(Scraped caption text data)
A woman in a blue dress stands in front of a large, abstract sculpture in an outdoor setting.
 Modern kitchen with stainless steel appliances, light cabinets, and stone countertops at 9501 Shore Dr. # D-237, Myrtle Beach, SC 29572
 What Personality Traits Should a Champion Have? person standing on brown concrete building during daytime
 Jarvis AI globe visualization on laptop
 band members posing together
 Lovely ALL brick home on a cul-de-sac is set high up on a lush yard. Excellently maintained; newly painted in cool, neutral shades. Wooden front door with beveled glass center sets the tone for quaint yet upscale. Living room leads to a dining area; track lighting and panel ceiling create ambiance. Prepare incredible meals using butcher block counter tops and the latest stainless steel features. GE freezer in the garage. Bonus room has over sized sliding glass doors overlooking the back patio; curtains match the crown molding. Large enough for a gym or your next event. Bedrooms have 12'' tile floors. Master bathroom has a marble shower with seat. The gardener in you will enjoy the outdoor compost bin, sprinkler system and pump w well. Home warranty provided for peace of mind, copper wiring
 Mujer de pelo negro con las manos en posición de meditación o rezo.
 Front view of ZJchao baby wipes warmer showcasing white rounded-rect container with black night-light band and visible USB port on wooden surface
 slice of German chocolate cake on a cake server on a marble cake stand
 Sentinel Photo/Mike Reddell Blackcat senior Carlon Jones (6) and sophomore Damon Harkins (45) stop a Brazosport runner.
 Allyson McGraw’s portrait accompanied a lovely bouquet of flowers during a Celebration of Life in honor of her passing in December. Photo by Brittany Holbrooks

* What is needed:
Start with the line above that contains "Front view of" and stop after the line that contains "Sentinel Photo/Mike Reddell". Output those lines exactly, and only those.

* Exercise answer:
 Front view of ZJchao baby wipes warmer showcasing white rounded-rect container with black night-light band and visible USB port on wooden surface
 slice of German chocolate cake on a cake server on a marble cake stand
 Sentinel Photo/Mike Reddell Blackcat senior Carlon Jones (6) and sophomore Damon Harkins (45) stop a Brazosport runner.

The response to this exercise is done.